# Gyms in and around Jumeirah?



## IronPup (Aug 26, 2011)

Google is not being my friend here...

I'm looking for a reasonable gym/health club in or near Jumeriah 2, where I'll be living shortly. Back in the UK I was a member of VirginActive, so was hoping for something along those lines - reasonable equipment, maybe some classes, ideally a pool...I can't seem to see anything online so wondered if anyone could help me out here? 

I'm not currently working, husband works in Internet City so if not in Jumeirah 2, then on the way there would be a reasonable compromise for the meantime...

Dubai Ladies club, while it would be super close, obviously wouldn't let the other half in, and I'd rather we were able to join somewhere together if poss. I'd also prefer a mixed environment. 

Much obliged!


----------



## BedouGirl (Sep 15, 2011)

There's a few small gyms on the Beach Road. There's a fantastic dirt cheap sweat gym round the back streets, not mixed - men upstairs and ladies downstairs. They are small and very sweaty and the ladies are mainly Emiratis and the equipment is not the newest. Other than that, Jumeirah Beach Hotel or Dubai Marine Hotel or Oasis Centre Fitness First but i think that's ladies only.


----------



## furryboots (Jul 31, 2009)

I live in Al Bada'a which is opposite Jumeriah 1 and I use the Hayaa next to the Al Manzil hotel. It takes me about 10 minutes to drive there. I looked at all the nearby hotels but this was far and away the best in terms of value for money. Gym is mixed and well equipped but seldom too busy. Personal trainers are available if required but this is not pushed (unlike other gyms I'm told). Big bonus is the size of the pool. It is a proper swimming pool and not just a glorified bath. There are some classes there but can't comment on them as I haven't been.

If you are interested, look at the joining offers carefully. It's often cheaper to take three or six month membership as opposed to an annual one. I joined in May and got 4 months for the price of 3 and the same again when I renewed my memebership.


----------



## IronPup (Aug 26, 2011)

Thanks for the replies, guys. 

Decent equipment is a must which probably rules out the back street sweat pits. I do triathlon, so a decent pool is important. 

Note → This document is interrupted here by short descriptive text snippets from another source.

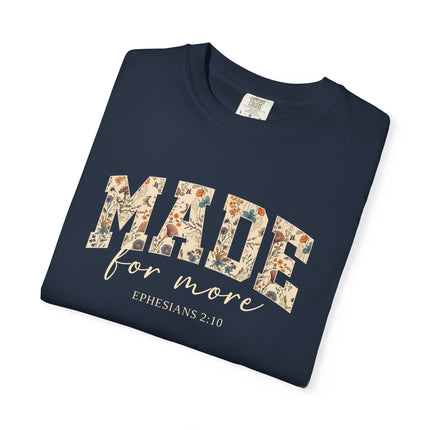 Made For More | Unisex Garment-Dyed T-Shirt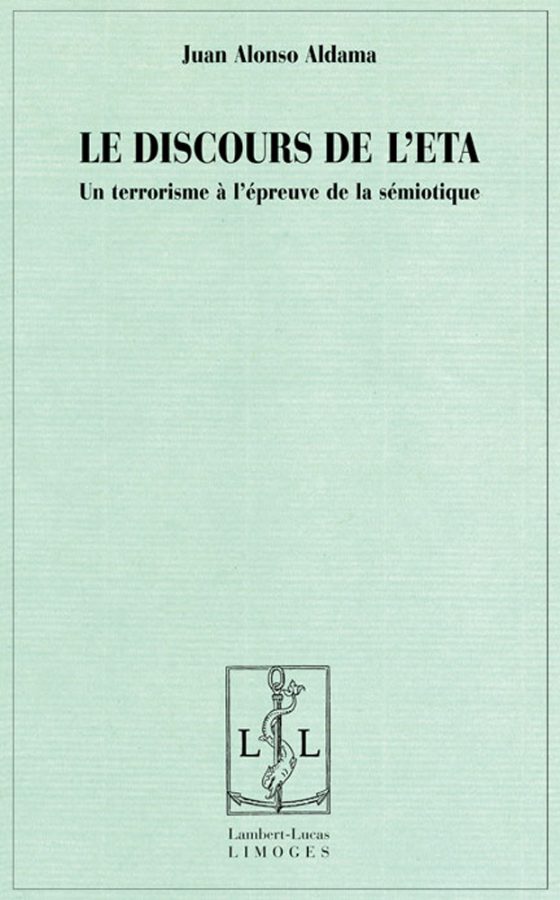 Couverture : Le discours de l’ETA : Un terrorisme à l’épreuve de la sémiotique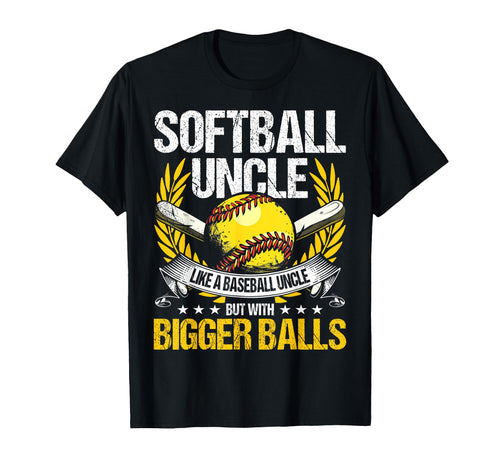Softball Uncle Bigger Balls Funny T-Shirt - Streetwear Style Men Women - T-Shirt, Sweatshirt, Hoodie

The Hayya gym looks really good, but it's just in the wrong part of town for me. I don't know if I'm kidding myself - I would prefer it to be within a kilometre or so radius - am I asking the impossible??  

Jumeirah Beach Hotel I think I would rule out on location grounds as well. Took a bit of hunting to track down the Fitness First you mention, again, it's not as close as I was hoping to be able to find...I'll check it out though. Quite hopeful about the Marine Beach as it's much more like the right area, although I would worry that it will be hideously expensive  Will go and have a look. 

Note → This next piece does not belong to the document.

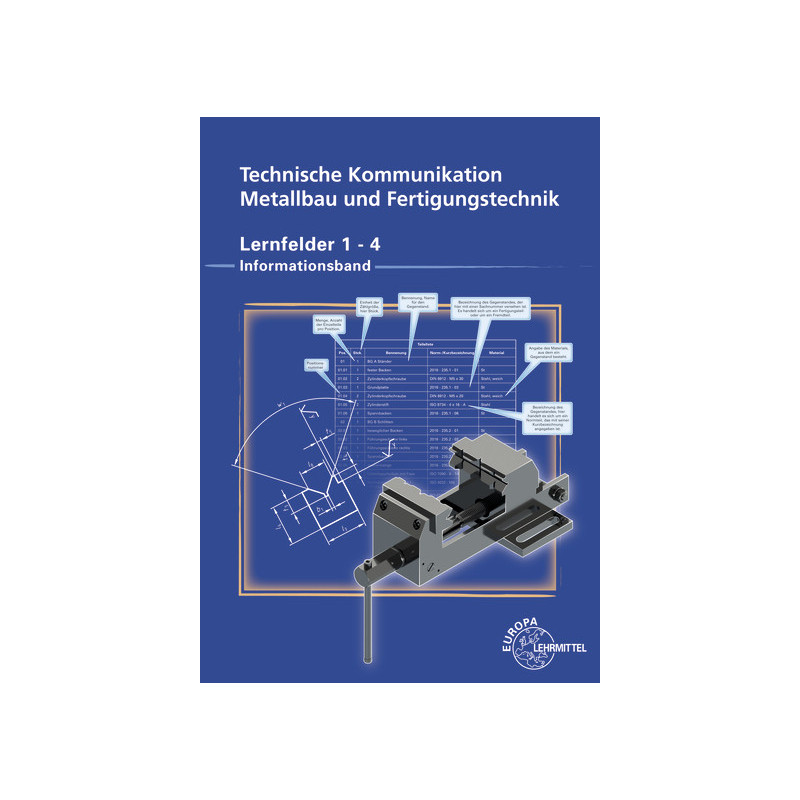 Technische Kommunikation Metallbau und Fertigungstechnik, Lernfelder 1-4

Thank you for the help, any more suggestions are welcome too.


----------



## BedouGirl (Sep 15, 2011)

Good luck. I was also thinking - have a look at Ramada and Rotana Jumeirah in Satwa. Also, opposite the Ramada, there's a parade of shops along the street and there's a gym there that might be worth having a look at plus there's also Capitol Hotel that side too.


----------



## Afnan (Nov 17, 2011)

Fitness First in one good gym in Dubai and they have many branches around the emirate.


----------